Assignment
What needs transcribing is the line with "Retro Indian Men's" and every line after it to the end of the records, exactly and alone, with no pictures.
· · · · ·
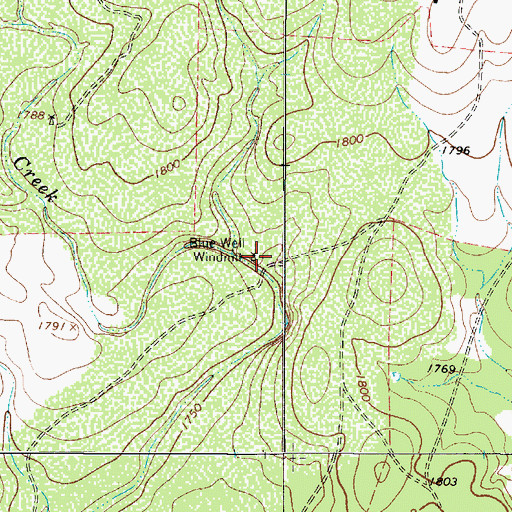 Topographic Map of Blue Well Windmill, TX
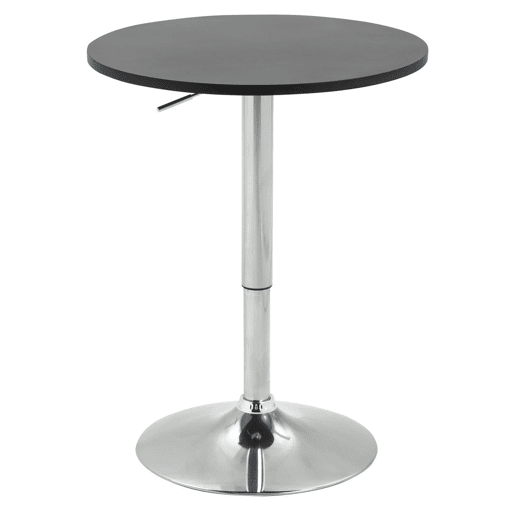 HOMCOM Mesa de bar ajustável em altura com base redonda e antideslizante para cozinha sala de jantar Ø60x69-93 cm Preto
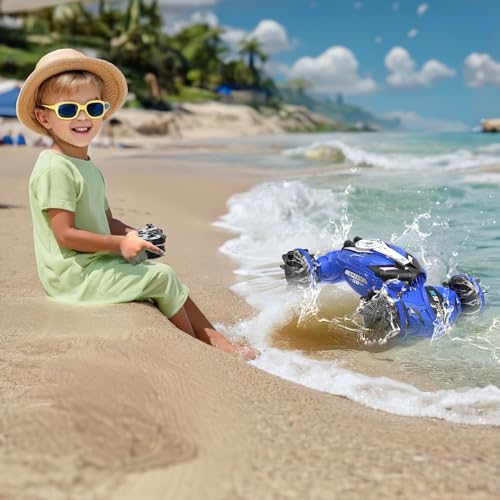 Amphibious Remote Control Car RC Boat - 4WD Gesture RC Stunt Car 2.4 GHz Transforms Waterproof Vehicle Toys for 6-8 Year Old Boys,All Terrain Summer Beach Pool Toys for Kids Ages 5-7 6-8 8-13
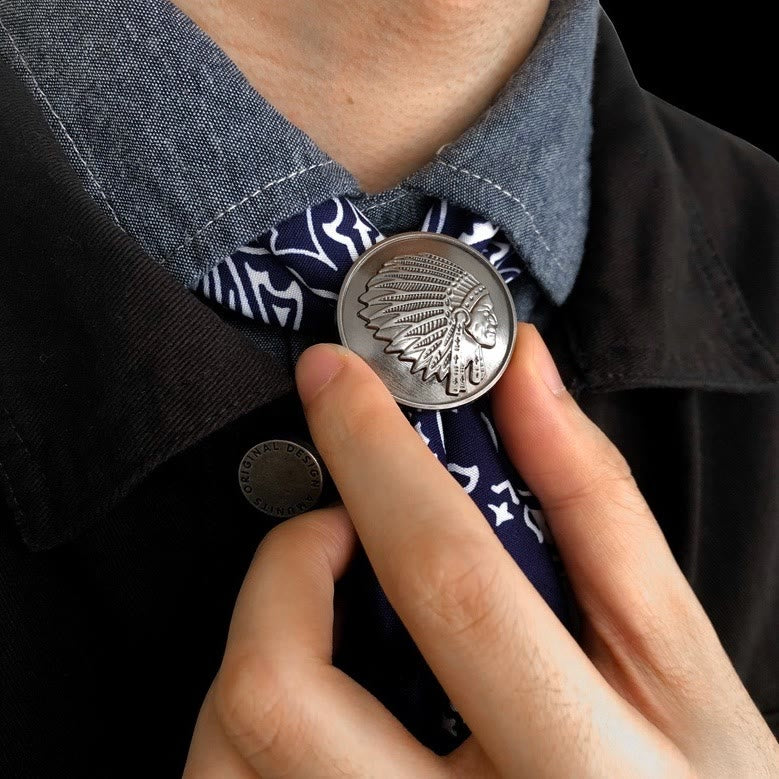 Retro Indian Men's Hiphop Coin Scarf Buckle - image 1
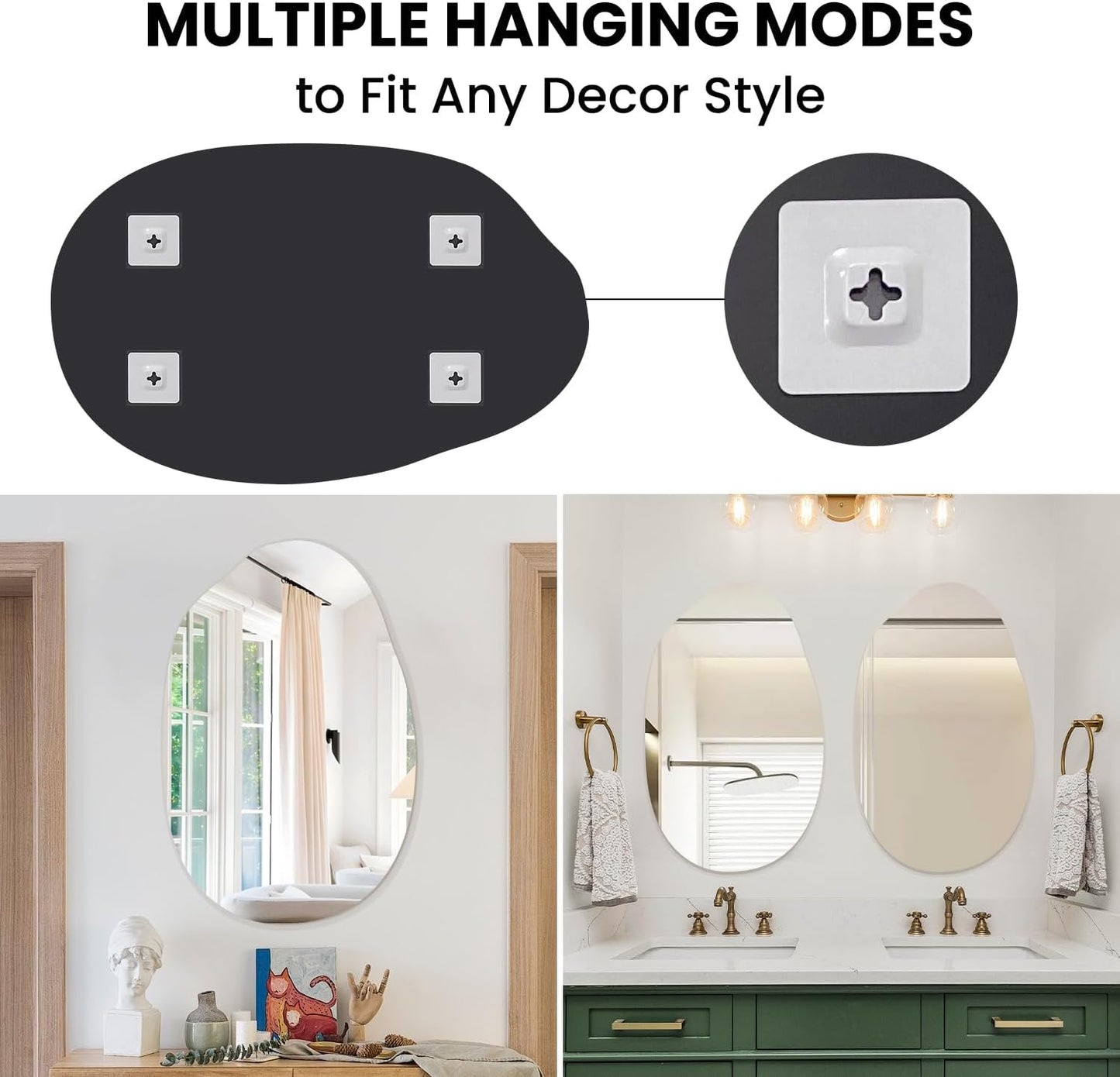 VASUHOME Frameless Bathroom Mirror - Irregular Design, 24 x 36 Inch Wall Mounted | Stylish Vanity Decor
· · · · ·
Finished exercise
 Retro Indian Men's Hiphop Coin Scarf Buckle - image 1
 VASUHOME Frameless Bathroom Mirror - Irregular Design, 24 x 36 Inch Wall Mounted | Stylish Vanity Decor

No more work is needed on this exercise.